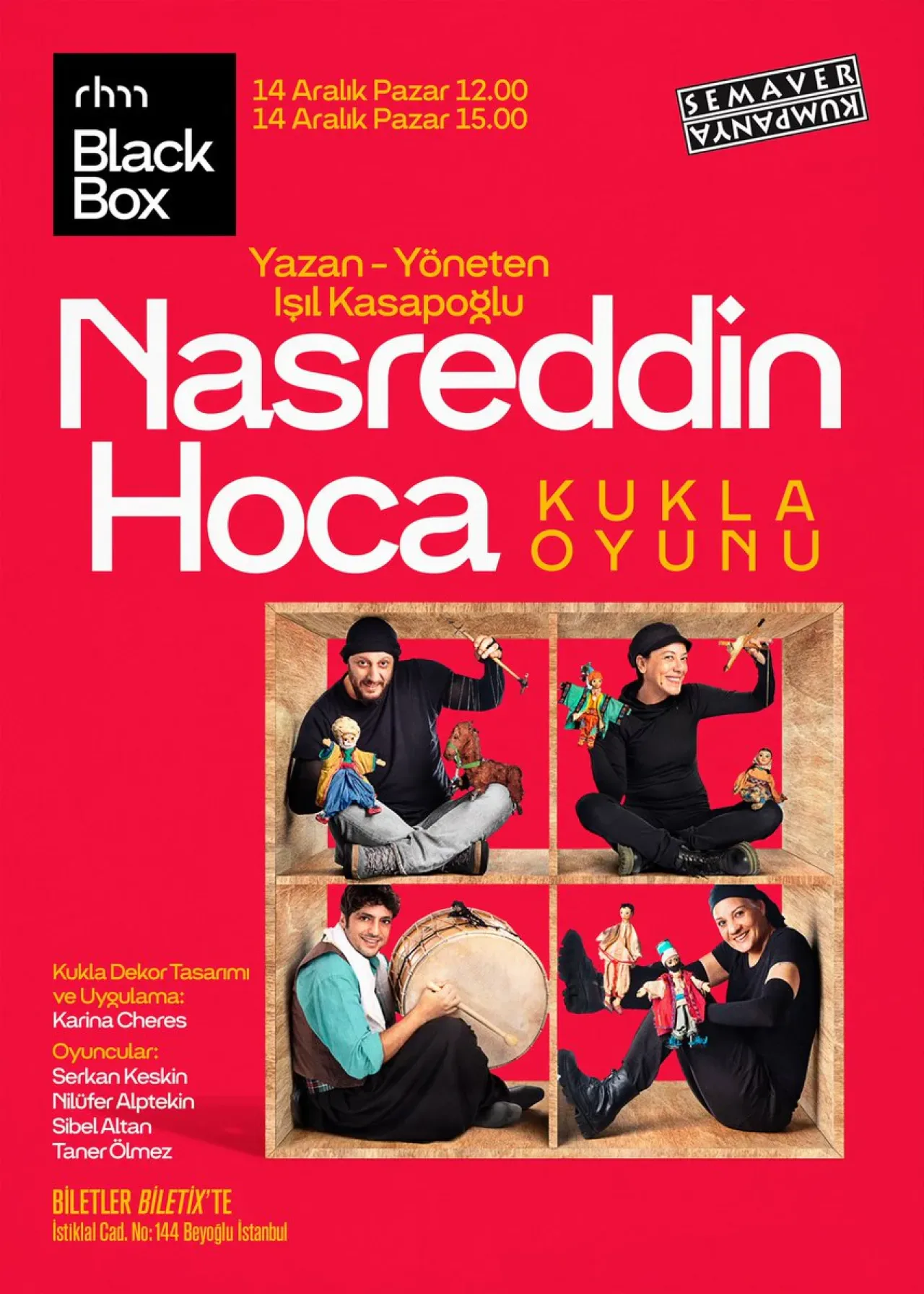 Nasreddin Hoca Kukla Oyunu ile Çocuklarla Buluşuyor Nasreddin Hoca Kukla Oyunu ile Çocuklarla Buluşuyor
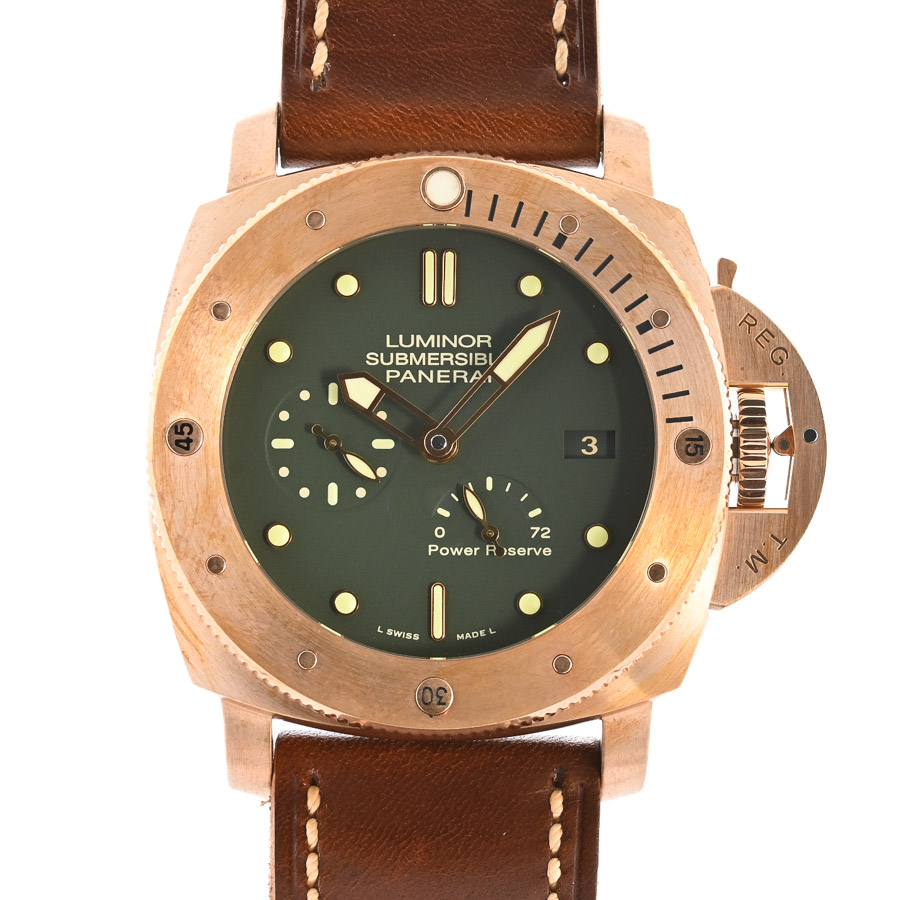 【中古A品】  パネライ サブマーシブル 1950 ブロンゾ  PAM00507 ブロンズ 元町本店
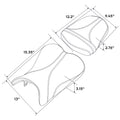 PU Leather Seat for Suzuki GSXR 600 750 (2006–2007) Black Red
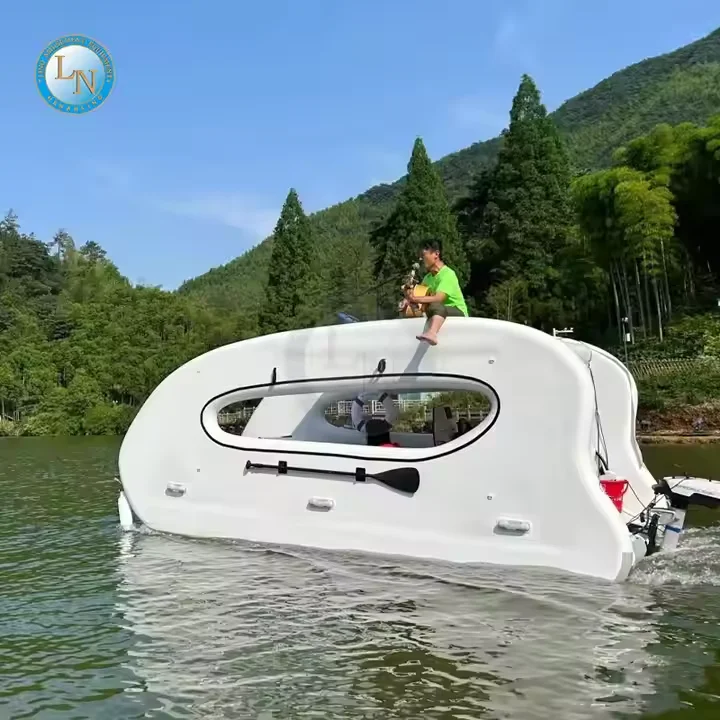 2024 Hot sale Newly inflatable Houseboat Portable Floating Water Platform Pontoon House Boat For Water Recreation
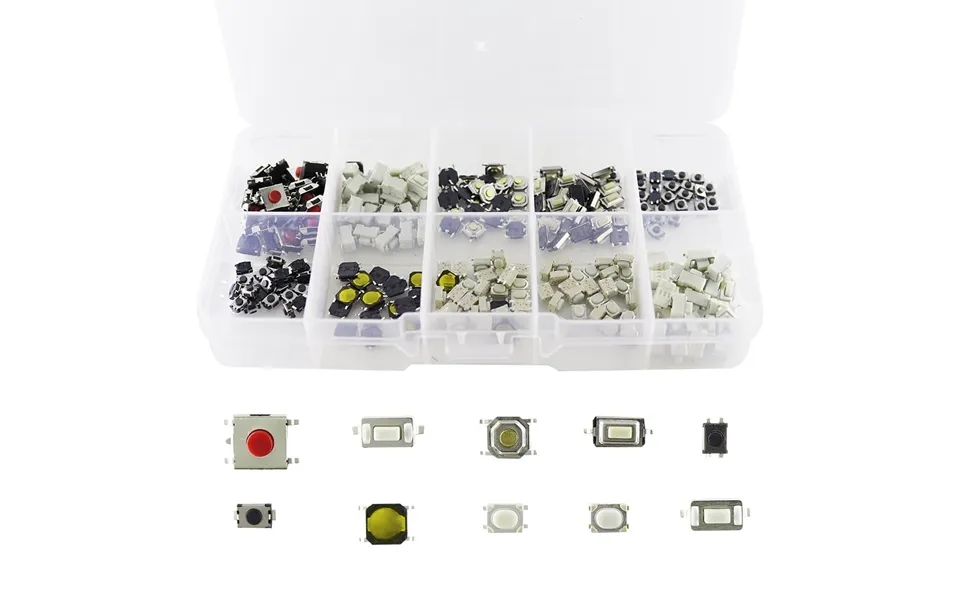 100pcs 10 Specifications Car Remote Control Key Touch Switches Buttons Touch Key Component Package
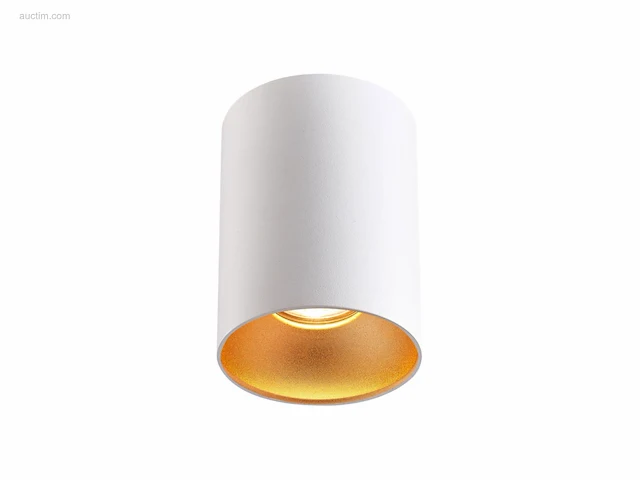 (8x) gu10 opbouwspot armatuur cilinder zand goud... - afbeelding 1 van  2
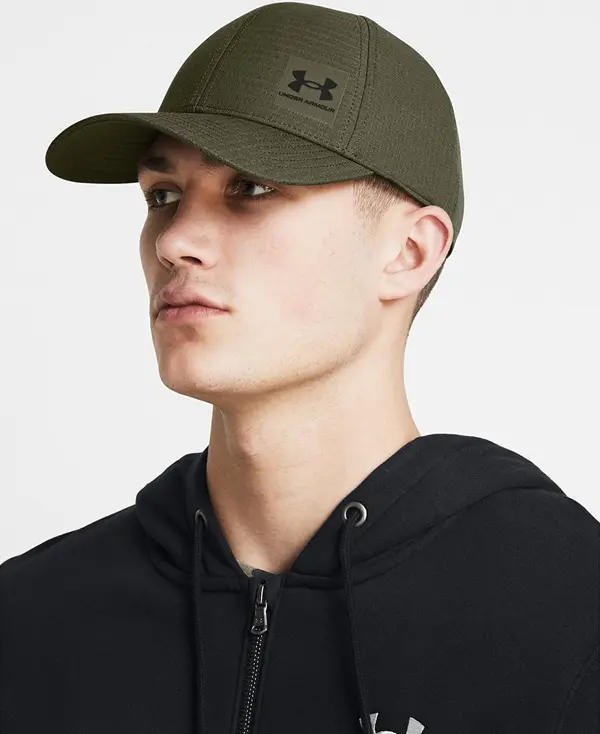 Under Armour Čepica Under Armour M Iso-chill Armourvent STR Marine OD Green/ Black L/XL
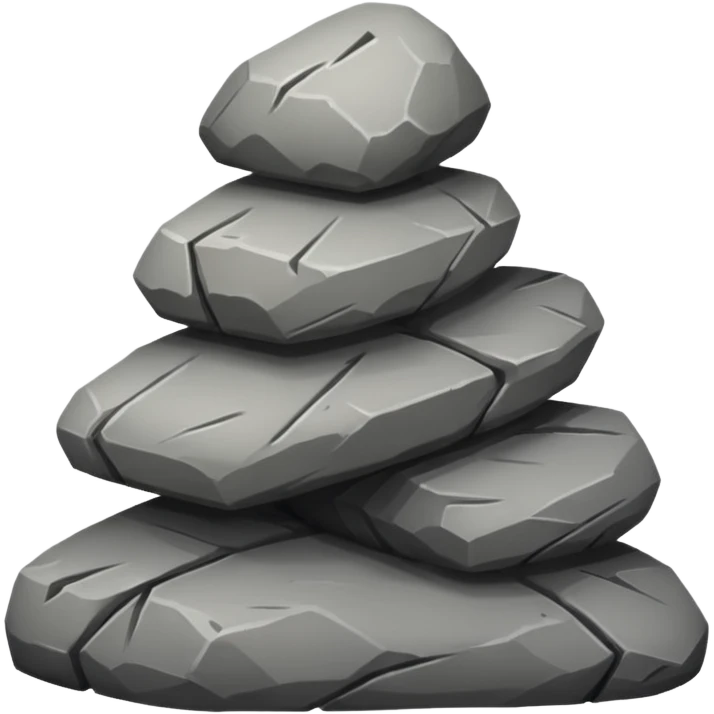 Stone emoji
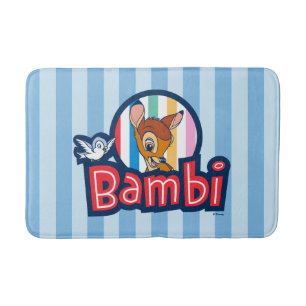 Bambi Striped Badge Bath Mat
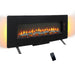 48 inch Curved Front Wall Mounted Electric Fireplace with remote and multi color flame & emberbed - DTYStore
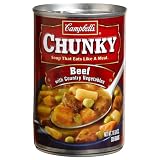 Campbell Chunky Soup, Beef with Country Vegetables, 10.75-Ounce Cans (Pack of 12)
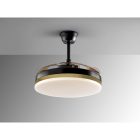  SCHULLER Vento 168360 Ceiling Fan Matte Black LED Dimmable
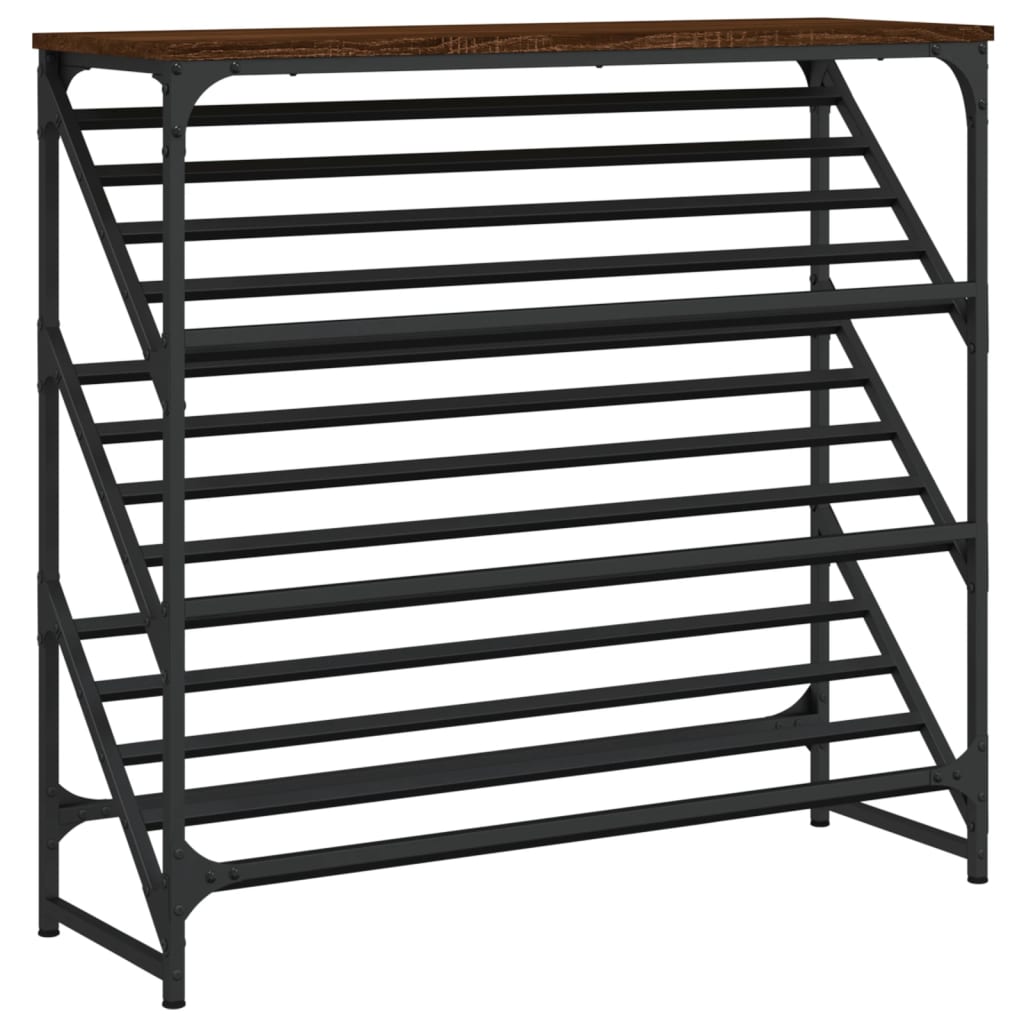Stalak za cipele boja hrasta 90x30x85 cm konstruirano drvo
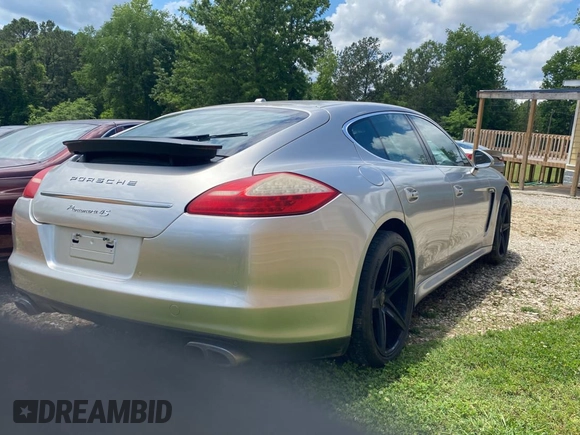 2010 Porsche Panamera S with VIN WP0AB2A76AL065411, listed as a Copart auction lot 57122525 with 135,112 mi miles and Clean title. Bid and sale history available at DreamBid. Image 4.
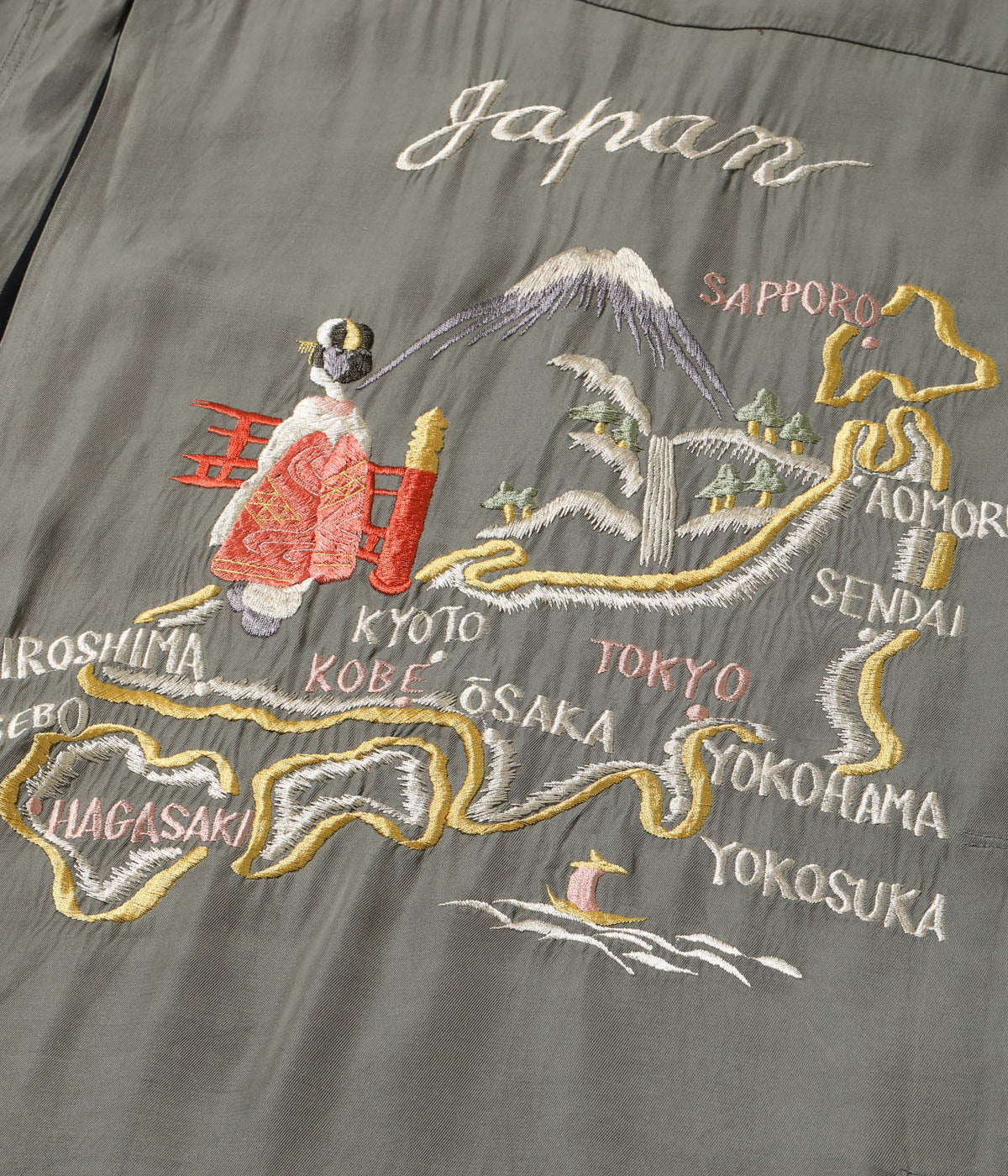 June 10, 2026 arrival / Lot No. TT39699 / SUKA SHIRT “JAPAN MAP”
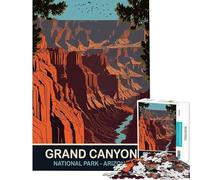 Puzzle da 1000 pezzi per ragazzi Parco Nazionale del Grand Canyon giocattolo educativo gioco pratico regalo di compleanno regalo di Babbo Natale segreto (dimensioni 50x75cm)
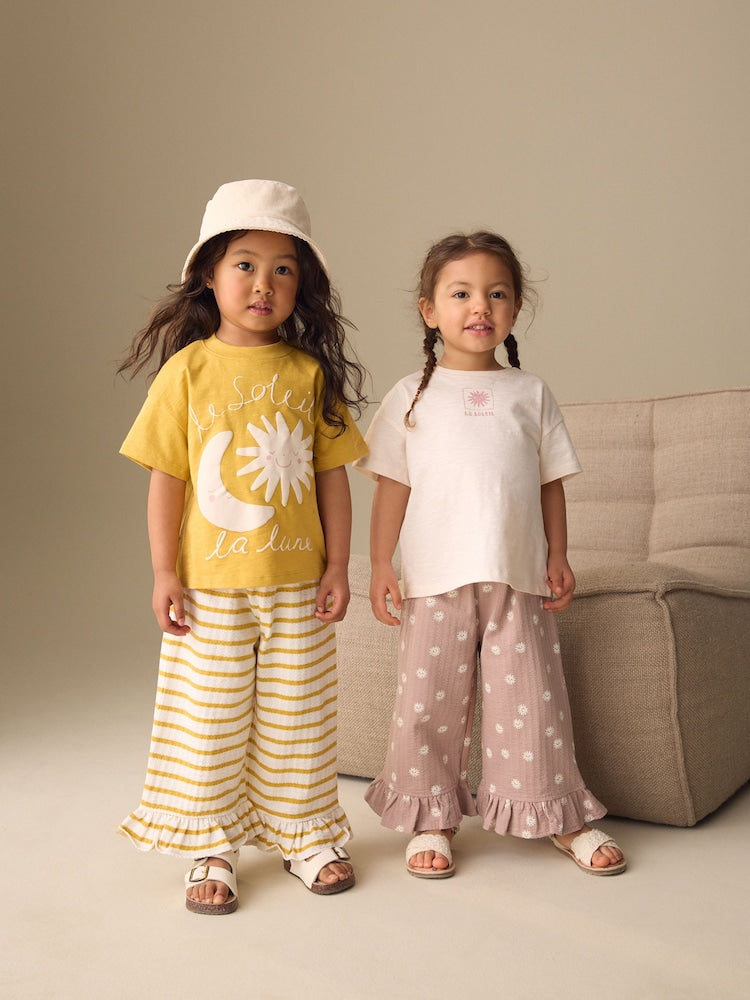 Neutral Top & Trousers Set 2 Pack (3mths-7yrs)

§ **How to complete this task**
The listing above is to be set down word for word, without its images.

§ **Problem solution**
 Nasreddin Hoca Kukla Oyunu ile Çocuklarla Buluşuyor Nasreddin Hoca Kukla Oyunu ile Çocuklarla Buluşuyor
 【中古A品】  パネライ サブマーシブル 1950 ブロンゾ  PAM00507 ブロンズ 元町本店
 PU Leather Seat for Suzuki GSXR 600 750 (2006–2007) Black Red
 2024 Hot sale Newly inflatable Houseboat Portable Floating Water Platform Pontoon House Boat For Water Recreation
 100pcs 10 Specifications Car Remote Control Key Touch Switches Buttons Touch Key Component Package
 (8x) gu10 opbouwspot armatuur cilinder zand goud... - afbeelding 1 van  2
 Under Armour Čepica Under Armour M Iso-chill Armourvent STR Marine OD Green/ Black L/XL
 Stone emoji
 Bambi Striped Badge Bath Mat
 48 inch Curved Front Wall Mounted Electric Fireplace with remote and multi color flame & emberbed - DTYStore
 Campbell Chunky Soup, Beef with Country Vegetables, 10.75-Ounce Cans (Pack of 12)
  SCHULLER Vento 168360 Ceiling Fan Matte Black LED Dimmable
Stalak za cipele boja hrasta 90x30x85 cm konstruirano drvo
 2010 Porsche Panamera S with VIN WP0AB2A76AL065411, listed as a Copart auction lot 57122525 with 135,112 mi miles and Clean title. Bid and sale history available at DreamBid. Image 4.
 June 10, 2026 arrival / Lot No. TT39699 / SUKA SHIRT “JAPAN MAP”
 Puzzle da 1000 pezzi per ragazzi Parco Nazionale del Grand Canyon giocattolo educativo gioco pratico regalo di compleanno regalo di Babbo Natale segreto (dimensioni 50x75cm)
 Neutral Top & Trousers Set 2 Pack (3mths-7yrs)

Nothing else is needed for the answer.